On y fera de belles déclarations. On se contentera de murmurer qu’on pourrait ramener la hausse de température de 2,9 à 2,5 °C et, signe d’impuissance absolue, on insistera sur la nécessité de se préparer au pire, et de prévoir des mesures de compensation des catastrophes inévitables à venir. (Jacques Attali)

Presque personne ne dira qu’il faudrait aller bien plus loin qu’un simple remplacement d’une source d’énergie par une autre, et qu’il faudrait changer radicalement notre mode de développement et lutter contre les inégalités.

Les crises de l’inégalité et de la biosphère s’entremêlent. La montée des inégalités étant tout à la fois l’une des causes et l’une des conséquences de la dégradation des conditions d’habitabilité de la planète.

« Toutes choses étant causées et causantes, médiates et immédiates, et toutes s'entretenant par un lien naturel et insensible qui lie les plus éloignées et les plus différentes » écrivait Pascal, un génie polyvalent.

Cette phrase de Pascal, perdue dans les éditions des Pensées et souvent ignorée, exprime l'exigence primordiale de toute connaissance pertinente, laquelle ne peut que relier ce qui est séparé ou disjoint.

Elle dépasse le principe analytique de connaissance qui est celui de Descartes dans son Discours de la méthode : « Diviser chacune des difficultés que j'examinerais en autant de parcelles qu'il se pourrait et qu'il serait requis pour les mieux résoudre. »

Dénicher par Edgar Morin, Cette longue phrase de Pascal, suppose une méthode « méta cartésienne » qui oppose « au principe de division un principe de reliance ».

Pour Edgar Morin ce principe de « reliance » permet de « considérer ce qui est à la fois causé et causant comme tout événement historique qui est causé par un processus et cause un nouveau processus, comme dans toute rétroaction où l'effet rétroagit sur la cause et devient lui-même causant ».

Le « principe de reliance pascalien » est le fondement même de ce que Edgar Morin appelle connaissance et pensée complexe.

Crise des inégalités et crise environnementale sont étroitement liées : (re)penser les limites sociales et écologiques de la croissance

Nous connaissons déjà l’idée de limites écologiques de la croissance. Comprendre le caractère « indécent » de la surconsommation, pour mieux la penser, permet en miroir de mieux appréhender les limites sociales de la croissance, et d’enrichir l’analyse des inégalités.

Les inégalités se retrouvent même chez les pollueurs. Les 1% les plus riches de la planète émettent autant de gaz à effet de serre que les deux tiers de la population la plus pauvre, soit environ cinq milliards de personnes, selon un rapport de l'Oxfam.

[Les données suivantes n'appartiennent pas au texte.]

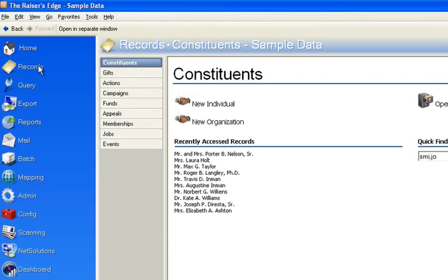Welcome to another edition of Razor's Edge for Rookies. My name is Reese Williams. Today, what I'm going to teach you is a very common mistake that I see a lot of people who manage a database make.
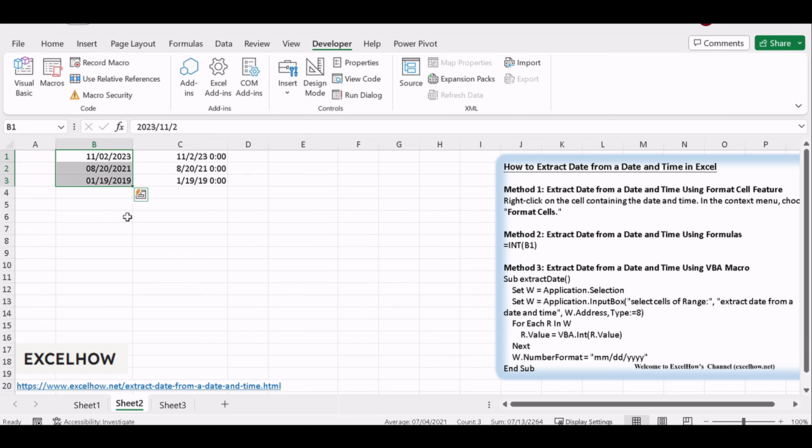And there you have it. You've learned three different methods to extract the date from a date and time in Excel. These techniques can save you time and help you work with your data more effectively.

Si la lutte contre le changement climatique est un défi commun, certains en sont plus responsables que d'autres et les politiques gouvernementales doivent être adaptées en conséquence.

Entre 1980 et 2016, les 1 % les plus riches au niveau mondial ont capté 27 % de la croissance. Globalement, on peut donc dire que « Le quart du travail que nous accomplissons, le quart de toutes les ressources que nous extrayons et de tout le CO2 que nous émettons servent à enrichir les plus riches ». Ces chiffres donnés par Jason Hickel illustrent parfaitement la situation plus que préoccupante.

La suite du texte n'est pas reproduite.